Jak Australia trakuje uchodźców? W obozie na Nauru dziecko prowadziło strajk głodowy

12-letni Irańczyk został wraz z rodziną przetransportowany do szpitala po 19-dniowej głodówce. Chłopiec protestował, bo australijskie władze chciały zostawić jego ojca w koszmarnym obozie na wyspie Nauru.

Dziecko trafiło do szpitala w Australii, dlatego, że na wyspie Nauru nie funkcjonuje żadna zaawansowana opieka medyczna. Stan zdrowia chłopca w ostatnich dniach uległ drastycznemu pogorszeniu. Według „The Guardian”, rząd w Canberze został zmuszony do podjęcia decyzji o przeniesieniu irańskiej rodziny na kontynent, po tym jak całkiem realna stała się śmierć głodowa młodego uchodźcy w warunkach urągających ludzkiej godności.

Wcześniej Australijska Straż Graniczna (Australian Border Force – ABF) konsekwentnie odmawiała przetransportownia całej rodziny do kraju, wyrażając zgodę jedynie matce i chłopcu. Ojciec miał pozostać w obozie, w którym trójka spędziła ostatnie cztery lata. Właśnie dlatego dziecko, z własnej ponoć inicjatywy, przestało przyjmować pokarmy.

Fakt, iż australijskie władze dopuściły w ogóle do sytaucji, w której dziecko głoduje przez niemal trzy tygodnie, został uznany za wysoce oburzający przez środowiska medyczne i organizacje zajmujące się obroną praw człowieka.

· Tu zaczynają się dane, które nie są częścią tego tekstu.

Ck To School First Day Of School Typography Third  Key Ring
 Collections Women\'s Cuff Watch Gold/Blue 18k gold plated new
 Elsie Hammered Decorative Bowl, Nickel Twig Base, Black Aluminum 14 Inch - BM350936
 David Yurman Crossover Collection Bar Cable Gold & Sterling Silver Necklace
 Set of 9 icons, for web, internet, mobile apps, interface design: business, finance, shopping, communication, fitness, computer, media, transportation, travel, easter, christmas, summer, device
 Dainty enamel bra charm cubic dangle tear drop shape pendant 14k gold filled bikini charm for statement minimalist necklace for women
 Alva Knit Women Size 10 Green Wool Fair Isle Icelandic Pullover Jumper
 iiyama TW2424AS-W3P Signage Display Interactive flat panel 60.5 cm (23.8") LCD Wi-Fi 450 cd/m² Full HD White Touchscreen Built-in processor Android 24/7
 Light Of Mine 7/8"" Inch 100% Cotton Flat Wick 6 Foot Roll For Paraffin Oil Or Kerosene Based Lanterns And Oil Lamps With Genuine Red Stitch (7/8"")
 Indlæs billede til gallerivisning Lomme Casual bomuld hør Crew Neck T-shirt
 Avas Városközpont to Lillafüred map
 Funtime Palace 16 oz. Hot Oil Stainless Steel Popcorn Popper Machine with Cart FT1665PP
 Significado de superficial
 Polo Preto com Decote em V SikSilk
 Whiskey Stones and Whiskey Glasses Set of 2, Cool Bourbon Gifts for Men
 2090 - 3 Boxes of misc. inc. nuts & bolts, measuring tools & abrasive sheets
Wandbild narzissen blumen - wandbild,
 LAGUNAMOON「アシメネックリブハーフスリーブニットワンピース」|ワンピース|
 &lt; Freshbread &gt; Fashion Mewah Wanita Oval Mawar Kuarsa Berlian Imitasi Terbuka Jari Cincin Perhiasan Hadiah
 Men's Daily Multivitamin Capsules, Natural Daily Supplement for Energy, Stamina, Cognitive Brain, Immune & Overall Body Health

Rozmówcy brytyjskiego tytułu określają  takie postępowanie jako „nieludzkie”. Na ostrzu krytyki znalazła się również decyzja o rozdzieleniu rodziny, co „zaszkodziło dziecku”.

Wyspa Nauru, położonona niemal dokładnie na równiku, w zachodniej części Pacyfiku to straszne miejsce. Niewielki ląd jest w znaczniej części zdegradowany w wyniku wydobycia fosforanów, które zakończyło się w latach osiemdziesiątych. Od tego czasu lokalna gosodarka praktycznie nie istnieje, bezrobocie sięga 90 proc., a jedyne środki, jakimi dysponuje władza pochodzą od lokalnego hegemona – Związku Austalijskiego. Canberra urządziła na wyspie miejsce zsyłek dla uchodźców, którzy przybywają na kontynent w poszukiwaniu lepszego życia. Według Amnesty International, niemal jedna trzecia z 1200 zesłańców (w tym ok 130 dzieci) mieszka na stałe w namiotach. Pozostali – w blaszanych budach i kontenerach, w których temperatura sięga nawet 45-50 st Celsjusza. Uchodźcy zmagają się z ulewami i powodziami. Do prymitywnych sanitariatów ustawiają się codziennie gigantyczne kolejki. Opieka medyczna praktycznie nie istnieje. Przerażającym przykładem jest stomatologia, która ogranicza się do wyrywania zebów. Brakuje leków i czystych ubrań. Dzieci są narażone na stres i wegetacje w warunkach przepełnienia. Niekóre z nich moczą się do łóżek w wieku kilkunastu lat, inne odmawiają uczęszczania do nauryjskich szkół, w których spotykają się z szyderstwami i przemocą.

Australia na utrzymanie obozu przeznacza ponad pół miliarda dolarów amerykańskich rocznie. Na wyspę bardzo rzadko są wpuszczani dziennikarze i działacze na rzecz praw człowieka. Canberra celowo przyzwala na przecieki, aby straszny obraz wyłaniający się z opowieści odstraszał potencjalnych przybyszy z biednych krajów. Nauru ma być straszakiem.

Osoby przebywające w ośrodku detencyjnym na Nauru kolejno pozywają australijski rząd, domagając się azylu i możliwości rozpoczęcia normalnego życia na kontynencie. Większość procesów przed sądem federalnym kończy się korzystnymi dla nich orzeczeniami, jednak machina sprawiedliwości posuwa się bardzo powoli.